爆買いというモノの購買を求めてではなく、「体験」や「経験」を求めて日本にやってきているのだ。

 

 

現場で働く人で、中国人観光客に対して「最近、大きな買い物をしないな」、「購入額が小さくなったな」などと感じている人も少ないのではないだろうか。

 

 

 

3.ファストファッション先行の日本のファッション市場

 

数多くのブランドがひしめき合う日本のファッション市場においても、市場の変化が顕著である。

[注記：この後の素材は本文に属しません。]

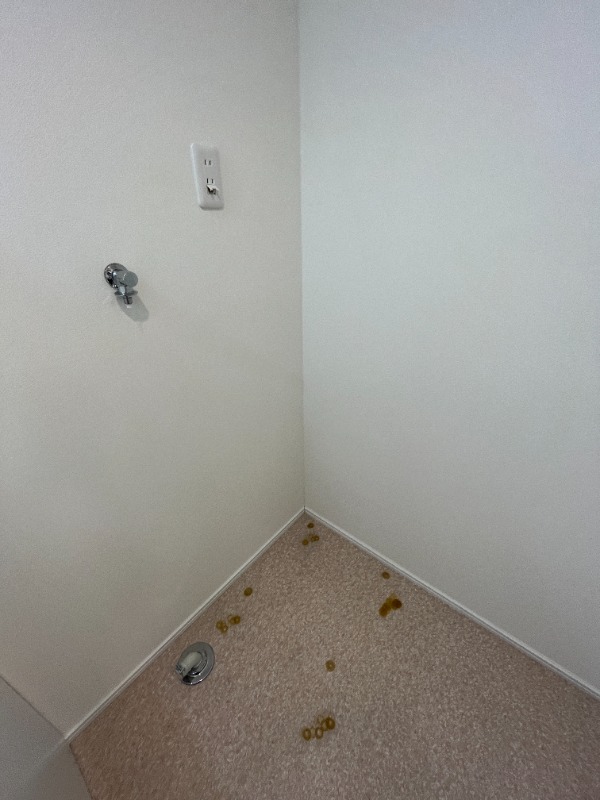 ヘキサグラム南大沢 部屋設備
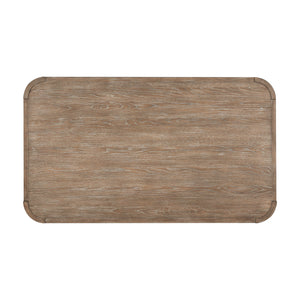 Liberty Furniture South Bend Rectangular Cocktail Table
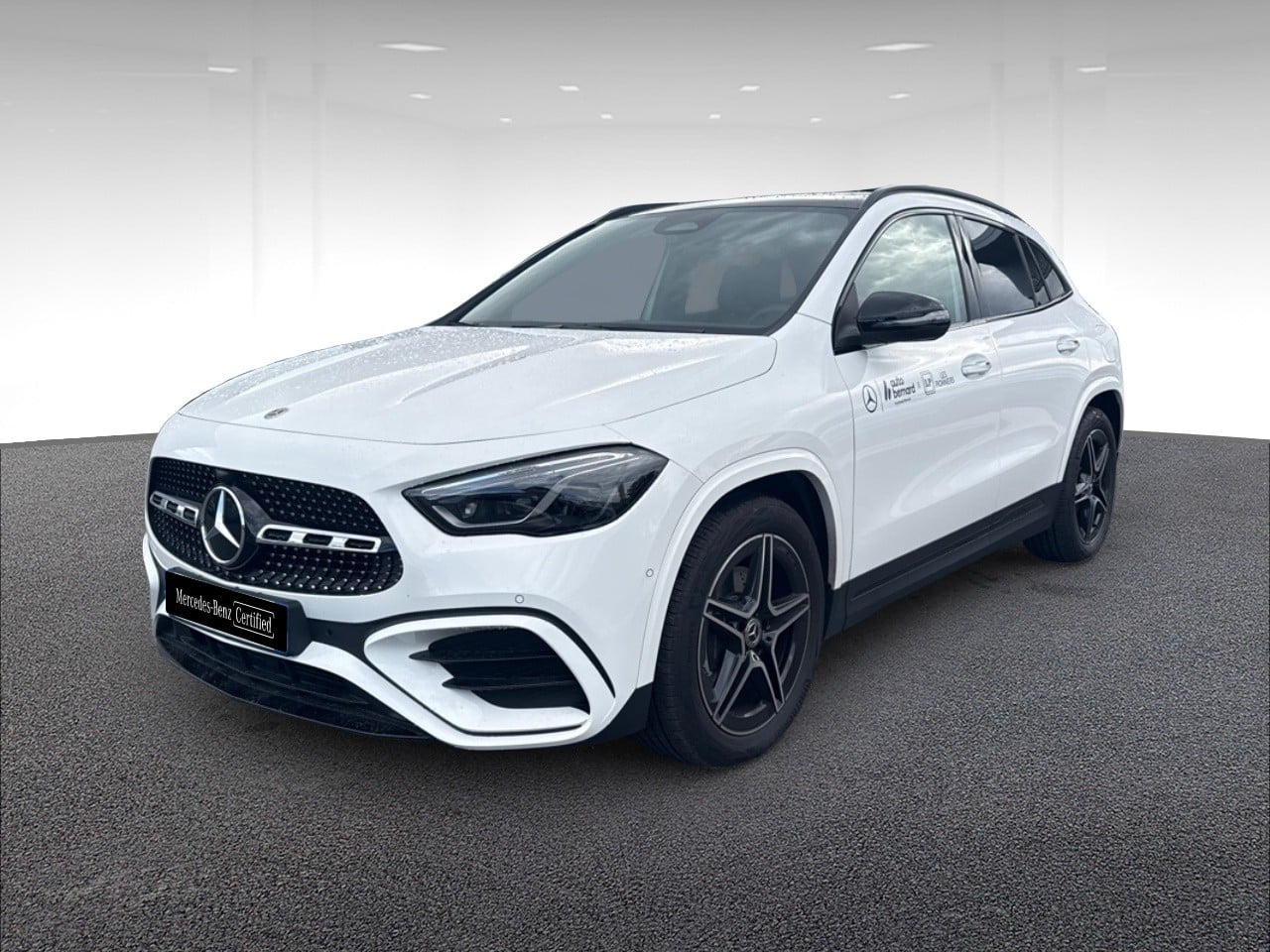 200 d 150ch Edition 140 8G-DCT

毎年100以上のドメスティックブランドがデビューするも、毎年80以上のブランドが幕を閉じている。

 

長らくファッション市場をけん引していた百貨店が数ヶ月連続の前年割れを続けている事にもあるように、日本のファッション市場は間違いなく逆風にさらされているのだろう。

 

 

 

雑誌や広告で大々的に取り上げられる華やかなドメスティックブランドも、市場規模で見るとファストファッションの躍進に苦労している。

 

「ZARA(ザラ)」や「H&M(エイチアンドエム)」に代表される外資系SPAブランドの進出、「UNIQLO(ユニクロ)」を代表とするファーストリテイリングの躍進が目立つ理由として、消費者動向が「安くて可愛い」「安くてカッコいい」というモノに向いていることは言うまでもないだろう。

 

 

 

4.ファッション市場の”マスマーケット”のこれから

 

日本におけるファッション市場のトレンドは、”品質や特性”から”値段”に変化している。

ファストファッションを軸にビジネスを展開してきた「ファーストリテイリング」と「しまむら」の市場における規模は、ブランドファッションを軸に展開してきた「ワールド」や「オンワード」をはるかに上回る規模に成長している。

 

 

 

“値段”というファストファッションにおける最大の価値を上回る価値や体験を見出すことに、日本におけるマスマーケットの成長を見ることができるのではないだろうか。